Steeplechase trainer Jack Fisher, who grew up foxhunting and riding ponies in Pennsylvania, joined Thoroughbred racing’s Hall of Fame in August – standing alongside flat trainer Todd Pletcher in the class of 2021. Pletcher’s horses have earned more in purses than any Thor­ough­bred trainer in history. Fisher won’t ever catch Pletcher in that category, but is the heir apparent to Hall of Famer Jonathan Sheppard, who retired at the end of the 2020 season. Sheppard won 26 National Steeplechase Association champion­ships. His horses earned $24.9 million over jumps. Fisher is at 13 titles and $18 million, both second in history. He’s trained champions and a Hall of Famer. He’s won the Maryland Hunt Cup and the Virginia Gold Cup, the latter 12 times. He trained Saluter, the most accomplished timber horse in U.S. history. And, now, Fisher’s a Hall of Famer. The star yearling, second-highest price at the sale, was bred in Kentucky but he can thank Pennsylvania for his family. Marshall Jenney, owner of Derry Meeting Farm near Unionville, bred the colt’s fifth dam – Mrs. Penny – and watched her win major races in England, France and the United States. Mrs. Penny’s daughter Mrs. Jenney won two races in England and one each at Garden State Park and Penn National. Mrs. Jenney’s daughter A Votre Sante won two races in France. A Votre Sante’s daughter Vole Vole Monamour won a single race, and produced six winners. A daughter, Dame Dorothy, won seven races including a Grade 1.

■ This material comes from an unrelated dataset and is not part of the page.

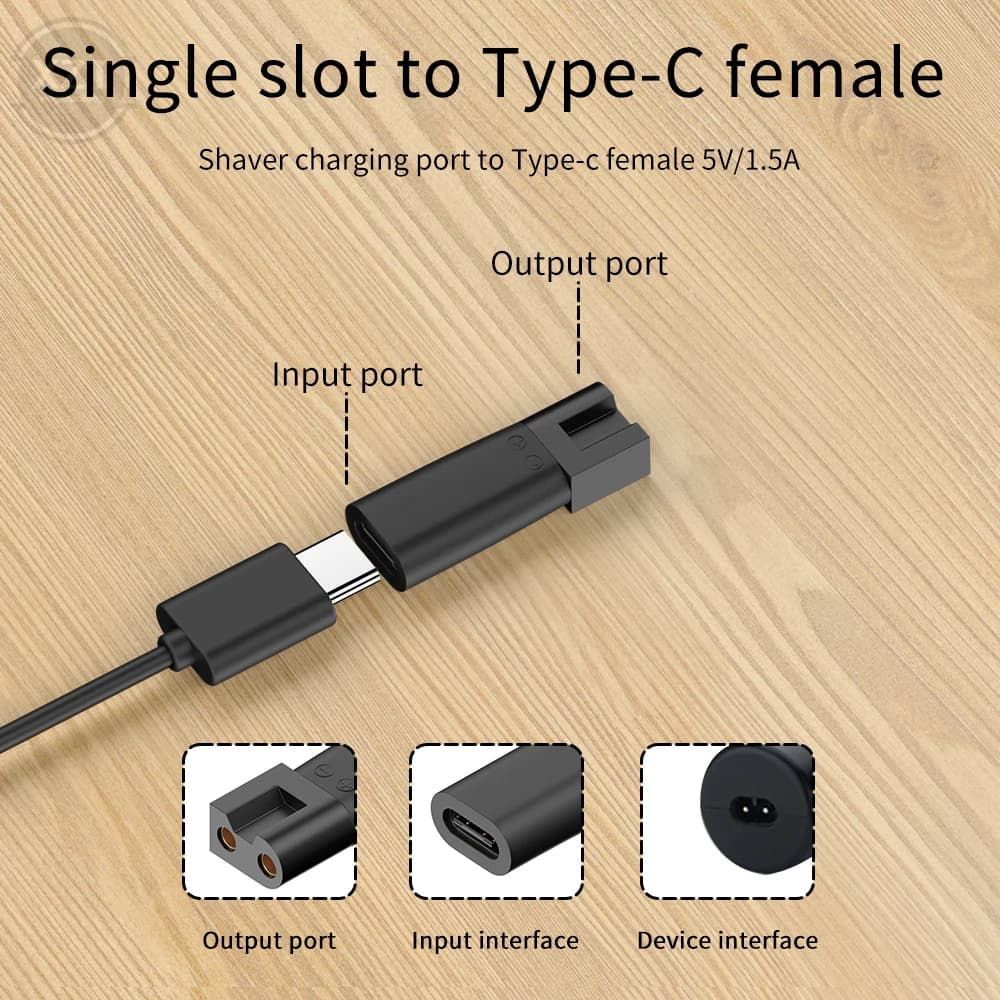 Accessoires pour rasoir électrique, adaptateur de chargeur de rasoir, câble d'alimentation de Type C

Each of those mares was bred in Pennsylvania, and each bred or owned by Jenney, a Saratoga fixture for years with a consignment of yearlings from those bloodlines and others. Jenney sold the game-changing stallion Danzig at Saratoga in 1978. He did it again with Unbridled’s Song in 1994. A colt out of Mrs. Jenney, Unaccounted For, was part of Jenney’s 1992 consignment at Saratoga and won the Whitney in 1995. Derry Meeting sold at least four seven-figure yearlings at Saratoga, one the year after Jenney died in 2000. The names of Derry Meeting horses dot the commemorative signs above stall doors at Fasig-Tipton’s Saratoga sales grounds, showcasing Jenney’s long shadow – which got a little bit longer in 2021.